*What is being asked*
Exactly the lines from the top of the records below through the one containing "At this point, let's" must be set down, with no line added or dropped.

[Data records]
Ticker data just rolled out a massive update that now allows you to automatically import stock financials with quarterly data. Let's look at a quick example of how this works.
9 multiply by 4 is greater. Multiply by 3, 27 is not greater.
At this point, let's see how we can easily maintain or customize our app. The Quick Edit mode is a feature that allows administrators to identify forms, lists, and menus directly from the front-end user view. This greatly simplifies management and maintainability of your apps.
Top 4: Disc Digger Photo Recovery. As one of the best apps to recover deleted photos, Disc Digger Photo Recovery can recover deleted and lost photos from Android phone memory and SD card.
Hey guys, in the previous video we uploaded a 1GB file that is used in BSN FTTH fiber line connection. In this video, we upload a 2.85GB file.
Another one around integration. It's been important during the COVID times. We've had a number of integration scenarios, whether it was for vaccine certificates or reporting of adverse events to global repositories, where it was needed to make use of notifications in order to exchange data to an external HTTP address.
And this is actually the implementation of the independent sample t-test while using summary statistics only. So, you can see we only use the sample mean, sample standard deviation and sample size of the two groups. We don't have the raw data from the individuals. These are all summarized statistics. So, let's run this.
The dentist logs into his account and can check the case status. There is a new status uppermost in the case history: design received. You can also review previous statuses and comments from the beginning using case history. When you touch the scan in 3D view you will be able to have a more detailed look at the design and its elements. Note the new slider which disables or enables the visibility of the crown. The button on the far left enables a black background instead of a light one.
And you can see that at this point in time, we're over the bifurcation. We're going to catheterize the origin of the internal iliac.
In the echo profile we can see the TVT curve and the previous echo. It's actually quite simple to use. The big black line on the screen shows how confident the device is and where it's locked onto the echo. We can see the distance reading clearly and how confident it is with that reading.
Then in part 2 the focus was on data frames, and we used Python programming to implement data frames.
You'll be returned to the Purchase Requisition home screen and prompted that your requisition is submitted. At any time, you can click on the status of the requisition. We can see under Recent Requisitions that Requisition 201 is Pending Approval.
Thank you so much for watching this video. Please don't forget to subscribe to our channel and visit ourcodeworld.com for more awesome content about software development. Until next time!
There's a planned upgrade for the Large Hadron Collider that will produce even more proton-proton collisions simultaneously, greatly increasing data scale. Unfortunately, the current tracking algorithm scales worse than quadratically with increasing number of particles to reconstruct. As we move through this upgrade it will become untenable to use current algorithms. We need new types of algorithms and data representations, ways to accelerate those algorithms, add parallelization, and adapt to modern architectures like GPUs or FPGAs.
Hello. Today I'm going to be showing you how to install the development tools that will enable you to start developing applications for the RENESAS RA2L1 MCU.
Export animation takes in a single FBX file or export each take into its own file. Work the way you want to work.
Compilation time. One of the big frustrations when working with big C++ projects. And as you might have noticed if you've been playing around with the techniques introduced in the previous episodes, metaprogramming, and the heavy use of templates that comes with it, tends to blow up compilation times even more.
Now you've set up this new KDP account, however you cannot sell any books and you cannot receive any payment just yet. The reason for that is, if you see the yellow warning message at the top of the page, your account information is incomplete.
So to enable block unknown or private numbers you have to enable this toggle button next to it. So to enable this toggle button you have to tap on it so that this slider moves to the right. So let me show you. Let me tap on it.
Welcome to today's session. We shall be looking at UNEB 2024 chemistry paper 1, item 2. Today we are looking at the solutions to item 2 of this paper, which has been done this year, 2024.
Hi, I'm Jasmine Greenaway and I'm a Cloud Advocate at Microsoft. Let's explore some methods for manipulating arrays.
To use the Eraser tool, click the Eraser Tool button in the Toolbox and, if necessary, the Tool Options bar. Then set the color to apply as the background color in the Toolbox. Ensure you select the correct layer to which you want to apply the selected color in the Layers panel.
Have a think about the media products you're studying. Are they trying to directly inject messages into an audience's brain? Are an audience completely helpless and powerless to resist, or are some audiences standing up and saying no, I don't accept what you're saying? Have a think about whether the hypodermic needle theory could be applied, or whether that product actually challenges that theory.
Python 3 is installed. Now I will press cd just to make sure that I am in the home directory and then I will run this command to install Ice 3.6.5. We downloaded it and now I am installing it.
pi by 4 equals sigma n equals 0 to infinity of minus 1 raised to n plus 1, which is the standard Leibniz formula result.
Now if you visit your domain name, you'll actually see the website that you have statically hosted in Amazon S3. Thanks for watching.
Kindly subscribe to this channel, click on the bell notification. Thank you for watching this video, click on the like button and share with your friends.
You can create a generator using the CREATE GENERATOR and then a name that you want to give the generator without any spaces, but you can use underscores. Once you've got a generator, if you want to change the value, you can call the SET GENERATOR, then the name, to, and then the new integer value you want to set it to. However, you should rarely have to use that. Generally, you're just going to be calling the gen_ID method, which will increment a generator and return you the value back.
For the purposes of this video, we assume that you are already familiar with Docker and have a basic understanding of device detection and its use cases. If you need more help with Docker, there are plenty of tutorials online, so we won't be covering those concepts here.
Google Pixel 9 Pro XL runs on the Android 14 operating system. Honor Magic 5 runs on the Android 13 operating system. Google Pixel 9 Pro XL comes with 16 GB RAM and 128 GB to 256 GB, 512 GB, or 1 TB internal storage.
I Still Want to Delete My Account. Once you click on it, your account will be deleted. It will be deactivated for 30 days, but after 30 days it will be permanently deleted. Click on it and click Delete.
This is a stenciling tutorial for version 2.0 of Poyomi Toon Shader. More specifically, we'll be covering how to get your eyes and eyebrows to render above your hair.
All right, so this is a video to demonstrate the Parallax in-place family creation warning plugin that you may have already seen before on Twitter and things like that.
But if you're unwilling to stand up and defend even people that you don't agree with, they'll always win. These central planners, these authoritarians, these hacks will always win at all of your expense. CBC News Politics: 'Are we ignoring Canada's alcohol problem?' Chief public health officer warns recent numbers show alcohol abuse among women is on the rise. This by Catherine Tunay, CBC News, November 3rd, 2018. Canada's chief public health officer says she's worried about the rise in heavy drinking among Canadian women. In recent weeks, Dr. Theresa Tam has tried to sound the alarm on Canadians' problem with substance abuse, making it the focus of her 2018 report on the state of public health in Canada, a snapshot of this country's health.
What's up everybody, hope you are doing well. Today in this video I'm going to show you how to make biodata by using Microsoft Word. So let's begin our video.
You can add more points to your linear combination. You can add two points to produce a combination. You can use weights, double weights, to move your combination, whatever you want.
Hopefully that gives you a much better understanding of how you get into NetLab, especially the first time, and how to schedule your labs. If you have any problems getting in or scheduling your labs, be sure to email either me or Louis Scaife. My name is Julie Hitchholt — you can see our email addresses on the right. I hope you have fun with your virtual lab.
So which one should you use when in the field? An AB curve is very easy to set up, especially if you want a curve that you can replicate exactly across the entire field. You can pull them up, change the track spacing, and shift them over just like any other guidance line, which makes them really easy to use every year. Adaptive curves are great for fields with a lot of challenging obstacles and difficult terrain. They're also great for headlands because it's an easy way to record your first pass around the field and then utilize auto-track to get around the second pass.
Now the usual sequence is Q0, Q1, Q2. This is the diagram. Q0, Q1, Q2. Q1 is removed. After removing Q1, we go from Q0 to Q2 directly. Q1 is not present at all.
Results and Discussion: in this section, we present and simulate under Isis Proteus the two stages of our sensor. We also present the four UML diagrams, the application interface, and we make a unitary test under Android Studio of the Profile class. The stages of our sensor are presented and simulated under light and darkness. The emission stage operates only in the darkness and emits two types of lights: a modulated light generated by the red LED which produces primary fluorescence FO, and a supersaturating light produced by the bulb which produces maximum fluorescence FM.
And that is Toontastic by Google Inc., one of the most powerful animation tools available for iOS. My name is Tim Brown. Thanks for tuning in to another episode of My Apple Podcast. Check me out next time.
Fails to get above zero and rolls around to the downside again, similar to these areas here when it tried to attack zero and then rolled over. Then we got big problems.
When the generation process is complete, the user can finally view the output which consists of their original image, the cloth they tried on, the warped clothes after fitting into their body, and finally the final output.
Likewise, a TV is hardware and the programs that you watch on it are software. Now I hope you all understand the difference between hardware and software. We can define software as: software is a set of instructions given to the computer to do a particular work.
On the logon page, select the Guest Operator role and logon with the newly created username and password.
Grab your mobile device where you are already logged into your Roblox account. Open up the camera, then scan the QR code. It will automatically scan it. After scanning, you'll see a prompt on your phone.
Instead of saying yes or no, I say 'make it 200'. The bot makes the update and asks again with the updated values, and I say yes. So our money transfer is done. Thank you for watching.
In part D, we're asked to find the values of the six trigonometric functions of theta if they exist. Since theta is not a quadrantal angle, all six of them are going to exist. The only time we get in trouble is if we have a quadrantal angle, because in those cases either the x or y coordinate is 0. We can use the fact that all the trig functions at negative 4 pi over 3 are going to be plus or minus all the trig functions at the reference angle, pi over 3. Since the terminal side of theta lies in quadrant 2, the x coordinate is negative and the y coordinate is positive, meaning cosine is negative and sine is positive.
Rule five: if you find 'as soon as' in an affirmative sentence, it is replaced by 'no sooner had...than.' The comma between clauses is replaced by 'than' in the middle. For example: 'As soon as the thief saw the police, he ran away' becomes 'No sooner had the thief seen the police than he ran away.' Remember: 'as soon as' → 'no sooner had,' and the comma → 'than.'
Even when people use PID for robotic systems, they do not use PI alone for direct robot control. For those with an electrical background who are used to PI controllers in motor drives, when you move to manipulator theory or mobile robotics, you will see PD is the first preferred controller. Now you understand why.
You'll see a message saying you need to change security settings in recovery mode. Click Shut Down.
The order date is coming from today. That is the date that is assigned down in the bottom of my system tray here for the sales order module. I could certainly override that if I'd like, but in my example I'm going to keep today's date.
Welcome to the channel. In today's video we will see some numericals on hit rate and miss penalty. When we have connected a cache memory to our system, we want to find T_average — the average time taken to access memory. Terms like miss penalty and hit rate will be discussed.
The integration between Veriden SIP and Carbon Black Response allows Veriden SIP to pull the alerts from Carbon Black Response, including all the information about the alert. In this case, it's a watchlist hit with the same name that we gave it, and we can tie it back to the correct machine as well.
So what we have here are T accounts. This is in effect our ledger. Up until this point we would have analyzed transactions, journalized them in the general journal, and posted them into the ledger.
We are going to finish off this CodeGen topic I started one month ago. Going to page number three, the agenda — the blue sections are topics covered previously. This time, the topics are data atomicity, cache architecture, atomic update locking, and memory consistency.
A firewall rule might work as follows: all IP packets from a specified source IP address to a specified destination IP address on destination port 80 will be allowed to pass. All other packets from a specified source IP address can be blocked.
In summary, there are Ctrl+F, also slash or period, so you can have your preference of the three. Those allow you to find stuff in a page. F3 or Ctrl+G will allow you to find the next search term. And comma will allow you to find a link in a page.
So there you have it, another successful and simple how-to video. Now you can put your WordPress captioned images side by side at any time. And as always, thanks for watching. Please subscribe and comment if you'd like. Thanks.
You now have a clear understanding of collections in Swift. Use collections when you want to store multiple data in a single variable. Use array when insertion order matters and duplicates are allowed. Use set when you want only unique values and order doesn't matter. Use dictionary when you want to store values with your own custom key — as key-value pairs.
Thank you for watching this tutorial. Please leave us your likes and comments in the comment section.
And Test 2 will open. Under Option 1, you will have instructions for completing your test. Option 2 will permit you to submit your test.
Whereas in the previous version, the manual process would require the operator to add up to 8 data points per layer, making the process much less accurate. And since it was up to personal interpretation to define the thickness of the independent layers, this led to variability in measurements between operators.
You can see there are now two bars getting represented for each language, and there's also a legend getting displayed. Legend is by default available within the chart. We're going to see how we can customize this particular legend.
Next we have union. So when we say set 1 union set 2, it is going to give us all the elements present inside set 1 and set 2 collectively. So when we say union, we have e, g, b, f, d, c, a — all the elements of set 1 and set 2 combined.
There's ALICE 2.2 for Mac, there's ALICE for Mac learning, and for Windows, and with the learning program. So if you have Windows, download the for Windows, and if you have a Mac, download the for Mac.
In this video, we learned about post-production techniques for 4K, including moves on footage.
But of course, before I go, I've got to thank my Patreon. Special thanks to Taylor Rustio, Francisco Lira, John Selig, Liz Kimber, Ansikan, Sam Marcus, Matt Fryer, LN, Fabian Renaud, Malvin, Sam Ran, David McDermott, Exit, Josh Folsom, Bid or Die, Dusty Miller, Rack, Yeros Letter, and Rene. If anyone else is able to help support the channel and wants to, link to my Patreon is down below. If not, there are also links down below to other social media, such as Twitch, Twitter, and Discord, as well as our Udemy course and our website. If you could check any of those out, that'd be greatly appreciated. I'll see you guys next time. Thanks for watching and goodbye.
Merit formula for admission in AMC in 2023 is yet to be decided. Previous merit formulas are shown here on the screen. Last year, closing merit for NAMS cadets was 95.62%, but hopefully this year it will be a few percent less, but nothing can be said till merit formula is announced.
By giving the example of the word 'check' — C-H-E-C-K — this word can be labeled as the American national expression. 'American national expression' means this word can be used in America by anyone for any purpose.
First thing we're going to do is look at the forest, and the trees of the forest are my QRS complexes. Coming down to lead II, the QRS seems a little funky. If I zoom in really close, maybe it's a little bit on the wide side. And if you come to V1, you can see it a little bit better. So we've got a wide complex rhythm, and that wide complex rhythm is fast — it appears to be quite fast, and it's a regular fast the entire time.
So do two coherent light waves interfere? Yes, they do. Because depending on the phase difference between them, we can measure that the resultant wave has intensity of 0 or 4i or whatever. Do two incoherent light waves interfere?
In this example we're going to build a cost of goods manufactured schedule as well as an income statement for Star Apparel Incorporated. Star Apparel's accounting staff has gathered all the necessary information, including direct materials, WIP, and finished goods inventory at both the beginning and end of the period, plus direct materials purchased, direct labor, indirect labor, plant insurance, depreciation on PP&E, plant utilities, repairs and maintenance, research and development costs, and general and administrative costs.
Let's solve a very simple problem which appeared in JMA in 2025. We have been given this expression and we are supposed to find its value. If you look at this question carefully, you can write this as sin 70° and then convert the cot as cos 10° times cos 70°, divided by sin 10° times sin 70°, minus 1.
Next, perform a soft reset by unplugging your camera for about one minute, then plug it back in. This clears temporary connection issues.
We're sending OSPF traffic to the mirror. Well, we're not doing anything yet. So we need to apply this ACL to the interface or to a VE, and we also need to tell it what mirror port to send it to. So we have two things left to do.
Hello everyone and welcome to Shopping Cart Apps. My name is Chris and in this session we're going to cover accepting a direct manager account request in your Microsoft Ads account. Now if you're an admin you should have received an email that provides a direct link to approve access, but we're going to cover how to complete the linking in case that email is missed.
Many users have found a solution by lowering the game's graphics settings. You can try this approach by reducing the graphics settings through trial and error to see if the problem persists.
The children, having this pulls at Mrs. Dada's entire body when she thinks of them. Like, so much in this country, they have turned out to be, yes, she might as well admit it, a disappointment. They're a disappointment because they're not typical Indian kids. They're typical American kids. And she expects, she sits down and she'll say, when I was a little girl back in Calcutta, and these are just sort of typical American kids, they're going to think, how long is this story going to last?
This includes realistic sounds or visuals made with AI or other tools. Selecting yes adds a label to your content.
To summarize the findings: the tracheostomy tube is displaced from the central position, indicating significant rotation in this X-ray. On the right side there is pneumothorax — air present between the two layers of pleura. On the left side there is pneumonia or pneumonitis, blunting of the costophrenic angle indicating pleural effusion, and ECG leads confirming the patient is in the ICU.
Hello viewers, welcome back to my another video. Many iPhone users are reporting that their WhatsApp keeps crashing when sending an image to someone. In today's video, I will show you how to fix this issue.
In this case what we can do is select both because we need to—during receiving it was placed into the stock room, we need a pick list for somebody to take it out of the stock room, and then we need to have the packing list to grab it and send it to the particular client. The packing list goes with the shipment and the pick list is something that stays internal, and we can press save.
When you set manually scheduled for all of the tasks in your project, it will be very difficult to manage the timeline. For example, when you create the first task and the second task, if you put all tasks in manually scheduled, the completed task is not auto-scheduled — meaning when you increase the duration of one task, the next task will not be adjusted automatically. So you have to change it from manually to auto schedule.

*The completed task*
Ticker data just rolled out a massive update that now allows you to automatically import stock financials with quarterly data. Let's look at a quick example of how this works.
9 multiply by 4 is greater. Multiply by 3, 27 is not greater.
At this point, let's see how we can easily maintain or customize our app. The Quick Edit mode is a feature that allows administrators to identify forms, lists, and menus directly from the front-end user view. This greatly simplifies management and maintainability of your apps.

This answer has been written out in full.